BGP unnumbered #598

rcgoodfellow · 2026-01-02T09:08:56Z

This PR adds support for BGP unnumbered.

Depends on

The Main Event

Unnumbered peers are added as a new type of peer with their own set of API functions. When an unnumbered peer is added it goes into the pending state. The new peer request is handed over to an unnumbered peer manager where IPv6/NDP router advertisements (RA) are used to discover the address of the peer over the interface provided. When a router is discovered on the interface the pending peer then turns into a real peer. We use the IPv6 link-local address discovered in the RA and create a BGP session using that address. From here the extant BGP machinery works in the same way it currently does.

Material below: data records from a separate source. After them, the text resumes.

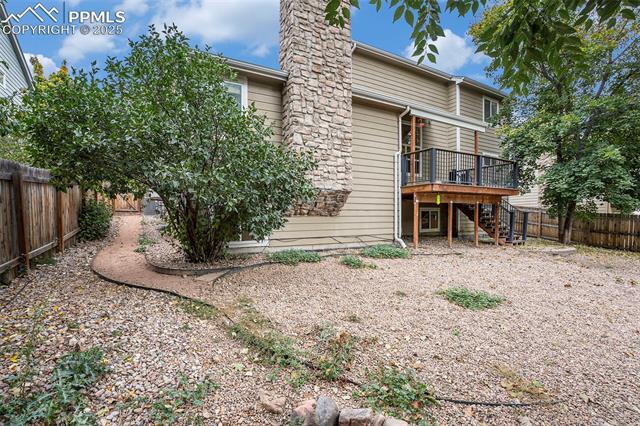 1255 Dancing Horse Drive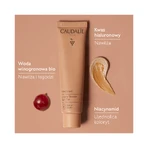 Caudalie Vinocrush, красящий крем, оттенок 4, 30 мл: цены и характеристики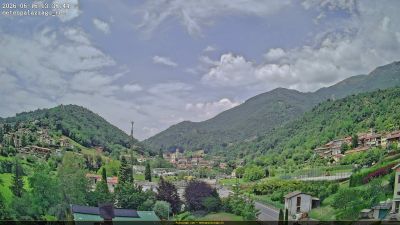 Webcam ore 13:40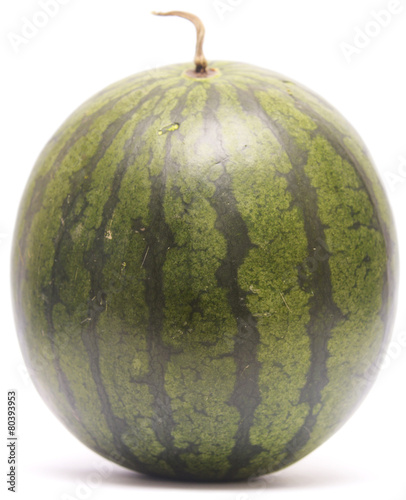 ripe watermelon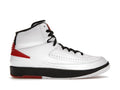 Air Jordan 2 Retro OG Chicago (2022) product image 1, provided for visual reference and product detail review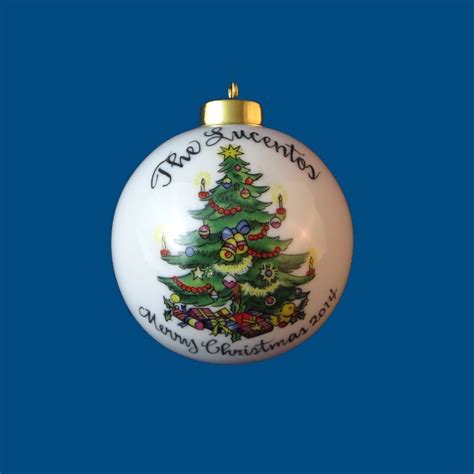 Here's some inspiration from some of my favorite fellow blogging mamas to get you started… Personalized Gifts | Christmas Gifts | Christmas Ball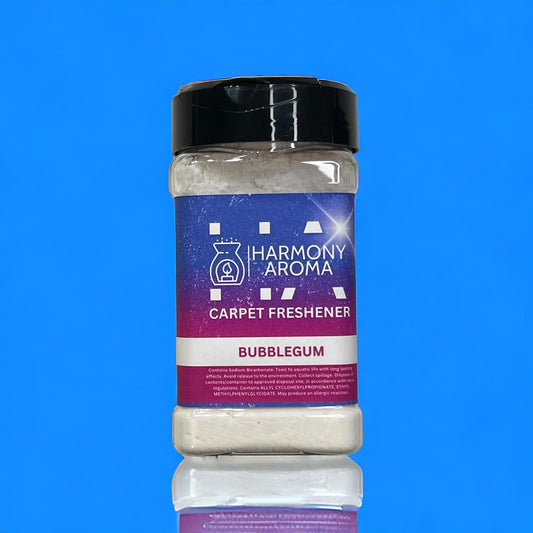 Bubblegum - 300g Carpet Freshener Shaker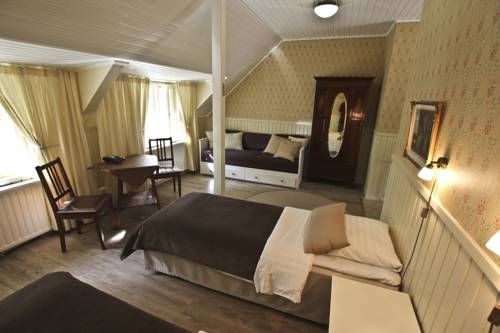 Hotel Photo 5
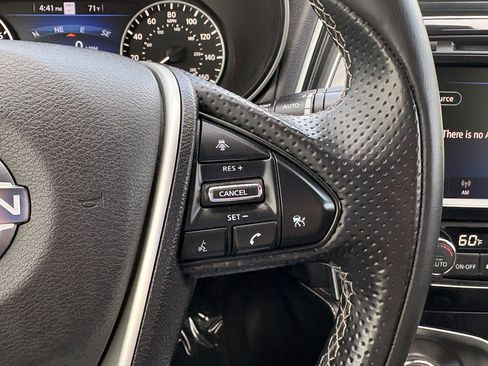 Used 2023 Nissan Maxima Platinum w/ Sport Mat Group FWD image 19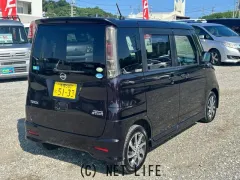日産 ルークス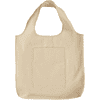 Сумка для покупок "Revest", натуральный - 4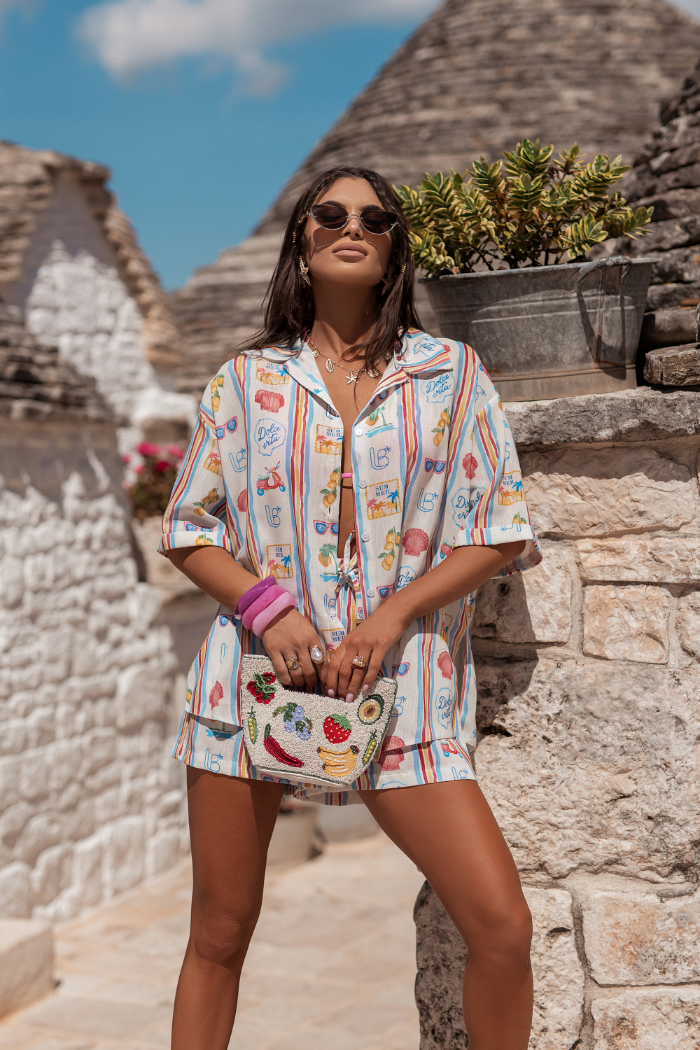 Conjunto CALVI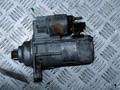 стартер SEAT Altea 1 поколение 2008, 1.9 л., BXE, дизель, 5МКПП, передний привод, 02Z911023H, TS18E1 - фото №2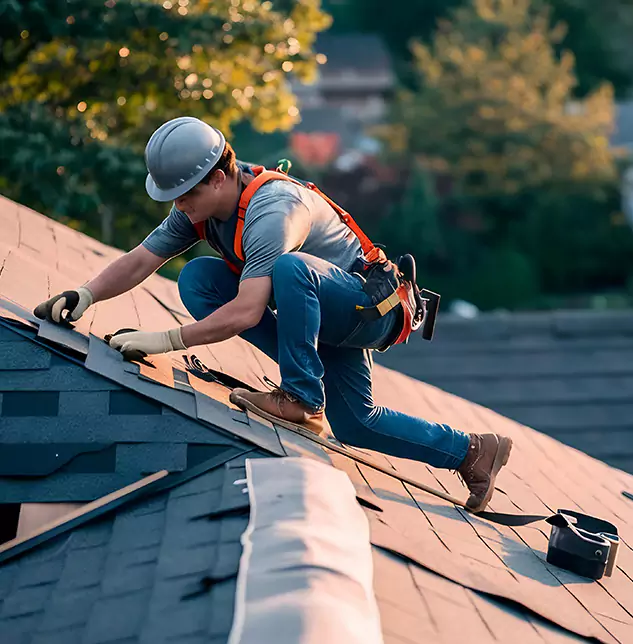 Premium Replacement Garage Roofs: Upgrading Alpine, CA Properties With Lasting Protection
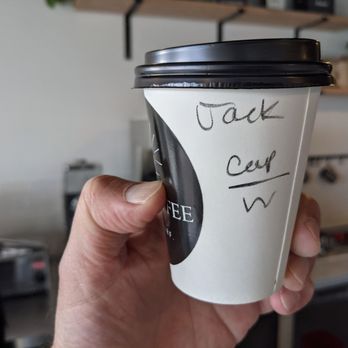Pump Coffee - Cappuccino - Coffee & Tea Near Me - San Diego, California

Neighbor discovery is a one-shot process when the unnumbered peer is created. Once we determine the peer address through an RA, that is what we use. If the peer address changes, the session needs to be deleted and recreated so discovery will happen again. No attempt is made to track neighbor state beyond initial session establishment. This may be revisited in a future release. One shot semantics has the benefit of being simple and stable. I don't believe we want to be overly sensitive to NDP RA dynamics as that would undercut the intent of things like BGP hold time and TCP connection tracking. Having a persistent monitor of NDP dynamics will need to be designed carefully.

Unnumbered support is designed to work in a point to point setting. We do not currently handle situations where there are multiple reachable routers reachable over a broadcast domain that the unnumbered interface is connected to. We simply attempt to establish a session with the first peer we find. This is how things have generally worked for unnumbered in my experience. We could develop something more robust, but this becomes a rather complex state machine where we have to try to establish sessions with every peer we discover. This could lead to doomed BGP sessions iterating through a state machine indefinitely.

Testing

This PR also adds a new testing substrate in the falcon-lab folder. BGP unnumbered requires multicast ICMPv6/NDP to work. This means we need a testing environment that routers connected over a broadcast domain, and some other unnumbered implementation to peer with to ensure we are not deluding ourselves with self-peering. Using illumos zones would have been nice here, but none of the BGP implementations I'm aware of on illumos besides mgd fully support unnumbered. FRR on the other hand has great support for unnumbered. So peering with a linux-based router puts us in falcon territory.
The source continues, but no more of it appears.